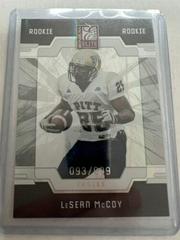 LeSean McCoy #160 Football Cards 2009 Panini Donruss Elite Prices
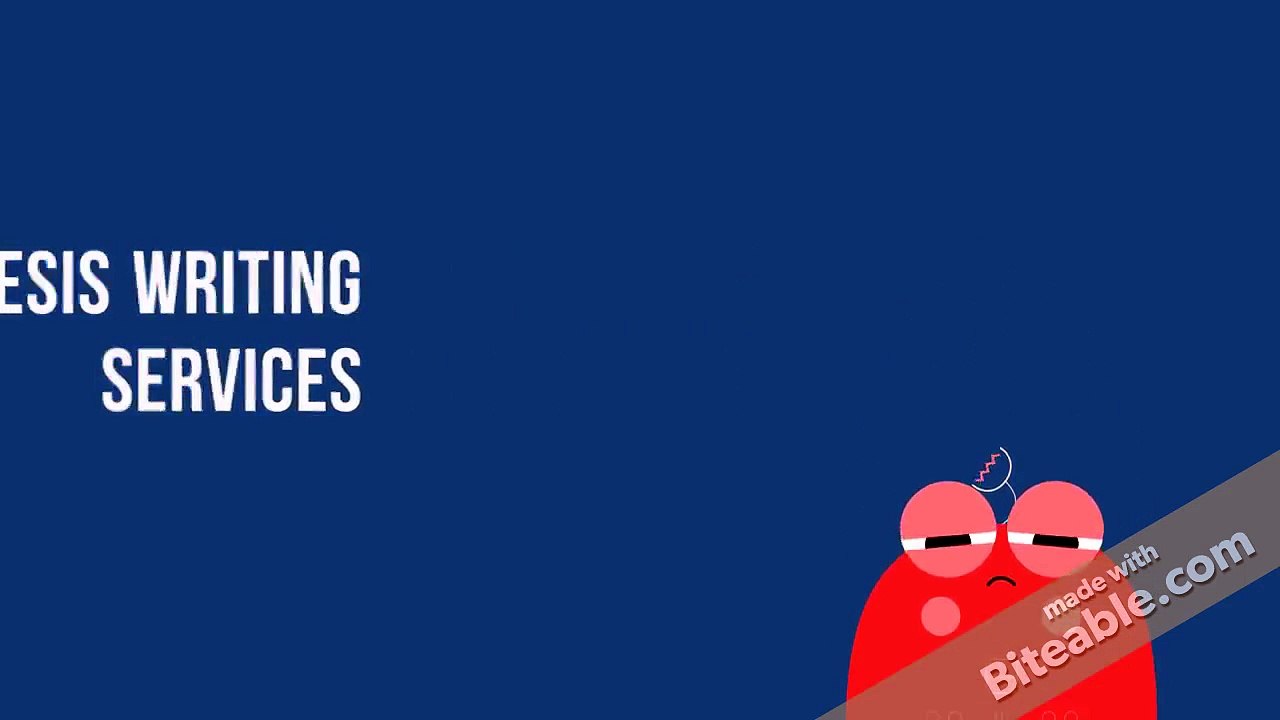 M.tech thesis writing services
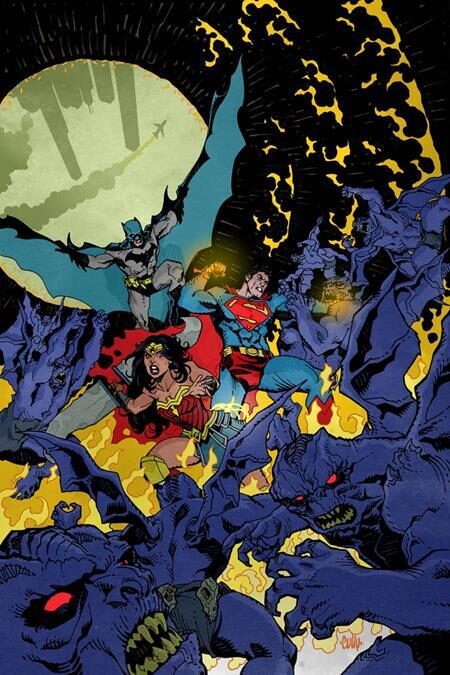 Dc K.O. #3 (Of 5) K 1:25 Cully Hamner Variant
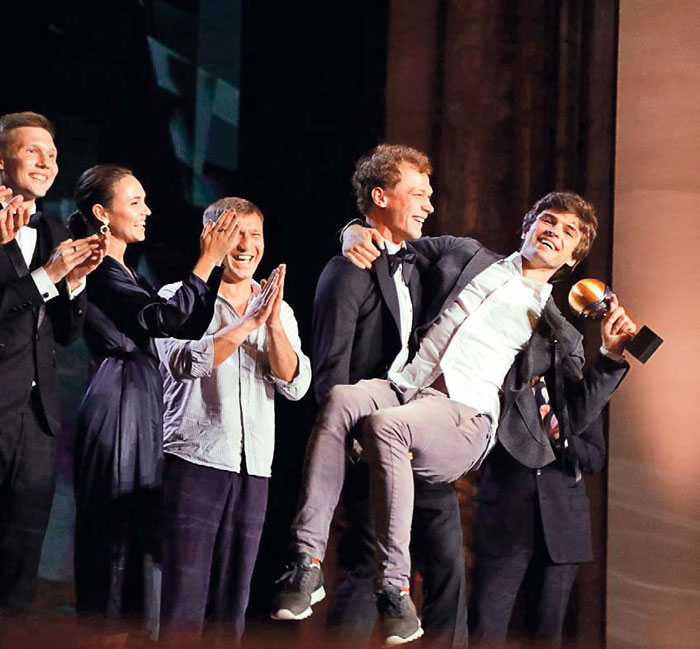 Режиссёр Борис Акопов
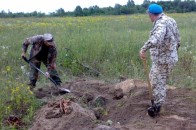 На Волині знайшли братську могилу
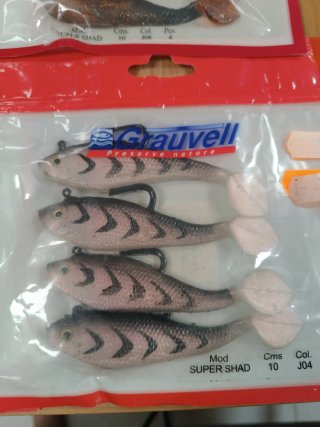 vinilos para pesca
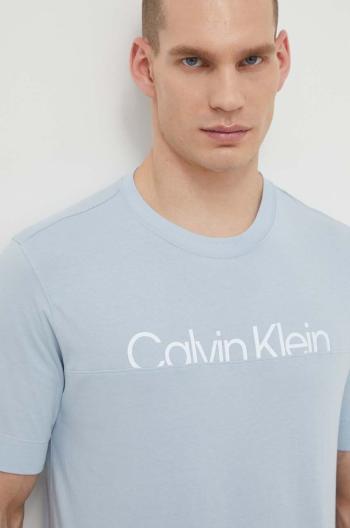 Tričko Calvin Klein Performance pánsky, s potlačou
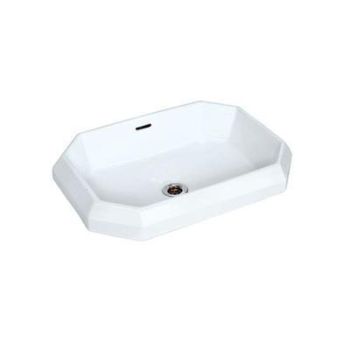 Jaquar Fonte Counter Top Basin (FNS-WHT-40601)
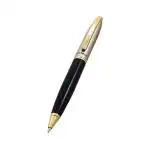 Auteur 77T Beige Brass Blue Ink Ball Pen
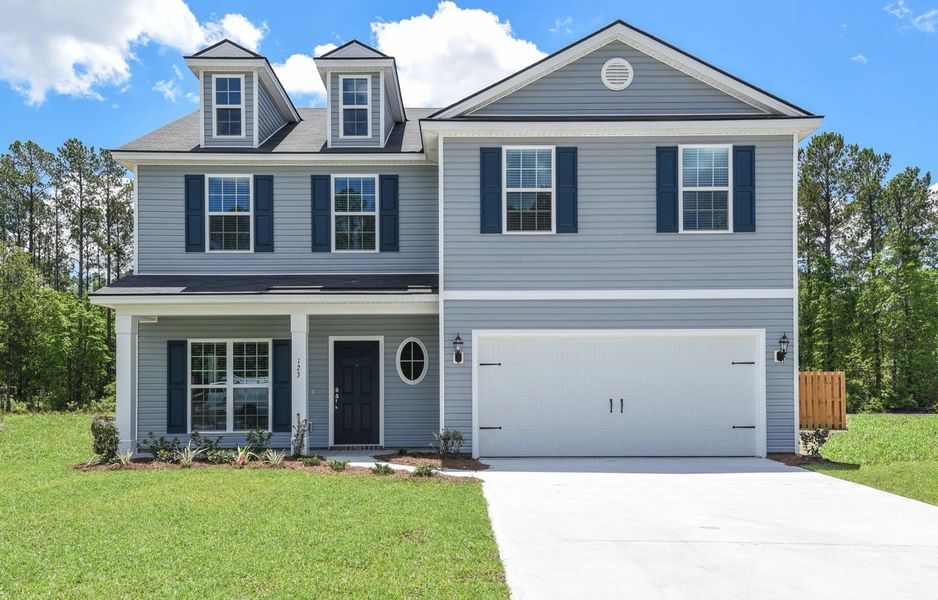 A showcase of a new construction home by Ernest Homes, highlighting their design and quality (Image 7).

+ + + +

● **Work task**
Extract precisely the lines beginning at the line containing "Tričko Calvin Klein" and ending at the last line of the entries above, exactly as written and with no pictures.

● **Output for this task**
 Tričko Calvin Klein Performance pánsky, s potlačou
 Jaquar Fonte Counter Top Basin (FNS-WHT-40601)
 Auteur 77T Beige Brass Blue Ink Ball Pen
 A showcase of a new construction home by Ernest Homes, highlighting their design and quality (Image 7).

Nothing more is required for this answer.